Reputation: 303
I need to create a stream from a topic that is consumed with KafkaAvroDeserializer and not the standard kafka deserializers. This is because further down the line it will be sent out to a topic that is used in the confluent JDBC Sink connector (which does not support standard serializer/deserializers). When creating the topic I used the KafkaAvroSerializer for both key and value.
My original code (before I changed to use the Kafka Avro Serializers for the key) was:
final KStream<String, DocumentUpload> uploadStream = builder.stream(UPLOADS_TOPIC, Consumed.with(Serdes.String(), uploadSerde));
NOTE: Serdes.string above will not deserialize correctly since the key was serialized using the KafkaAvroSerializer. So, maybe there is a another form of code that will allow me to build a stream without having to set the key serdes (so it defaults to what is in the config) and I can just set the value serde (uploadSerde)?
If not, can someone tell me how I change the "Serdes.String()" standard deserizlaizer to a KafkaAvroDeserializer? e.g.
final KStream<String, DocumentUpload> uploadStream = builder.stream(UPLOADS_TOPIC, Consumed.with(<What can I insert here for the KafkaAvroDeserializer.String???>, uploadSerde));
In my consumer, I am setting the correct default deserializers:
streamsConfiguration.put(ConsumerConfig.KEY_DESERIALIZER_CLASS_CONFIG, io.confluent.kafka.serializers.KafkaAvroDeserializer.class);
streamsConfiguration.put(ConsumerConfig.VALUE_DESERIALIZER_CLASS_CONFIG, io.confluent.kafka.serializers.KafkaAvroDeserializer.class);
If use the form (and allow the defaults as specified in my consumer which are KafkaAvro):
final KStream<String, DocumentUpload> uploadStream = builder.stream(UPLOADS_TOPIC);
I get the following:
2018-04-08 00:24:53,433] ERROR [fc-demo-client-StreamThread-1] stream-thread [fc-demo-client-StreamThread-1] Failed to process stream task 0_0 due to the following error: (org.apache.kafka.streams.processor.internals.AssignedTasks)

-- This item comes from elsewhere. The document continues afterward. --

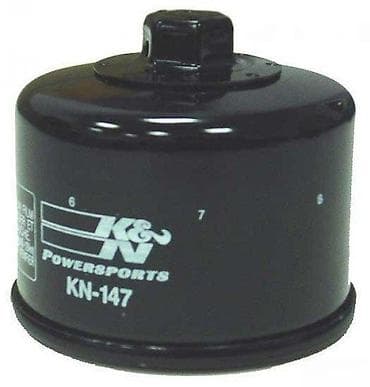 Transport: K&N Powersports uljni filter – model KN-147 - Visokoprotokni at lalafo.rs — 1 Transport: K&N Powersports uljni filter – model KN-147 - Visokoprotokni — 1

java.lang.ClassCastException: [B cannot be cast to java.lang.String
at org.apache.kafka.streams.kstream.internals.KStreamPeek$KStreamPeekProcessor.process(KStreamPeek.java:42)
at org.apache.kafka.streams.processor.internals.ProcessorNode$1.run(ProcessorNode.java:46)
at org.apache.kafka.streams.processor.internals.StreamsMetricsImpl.measureLatencyNs(StreamsMetricsImpl.java:208)
....
I am using Java generated classes from avsc files and the uploadSerde is initialised with the generated Java class from the avro schema.
Thanks.
Upvotes: 4
Views: 5073
Reputation: 62330
The logic is the same for key and value. Thus, you can handle both the same way.
Your confusion is about setting consumer deserializers in the config. Note, that those configs are ignored (for internal reasons). You cannot directly configure the deserializers of the consumer. You always need to use Serdes. Thus, if you want to set default deserializer for the consumer, you need so specify the default Serde in the config.
So I create a wrapper around the KafkaAvroSerializer and KafkaAvroDeserializer, that instantiates these and then use the wrapper for the key parameter in
Consumed.with
Exactly. Or you can also set this Serde as default in the config.
Would have thought creating a stream from a topic with a KafkaAvroSerialize'd String key was a common use case
Not sure about this. If it's a plain String, I assume that people may use StringDeserializer
directly instead of wrapping the String as Avro (not sure). Also note, that it's recommended to use a schema registry when dealing with Avro. Confluent's schema registry ships with correspoinding Avro Serdes: https://github.com/confluentinc/schema-registry/ (Disclaimer: I am an employee at Confluent.)
Upvotes: 4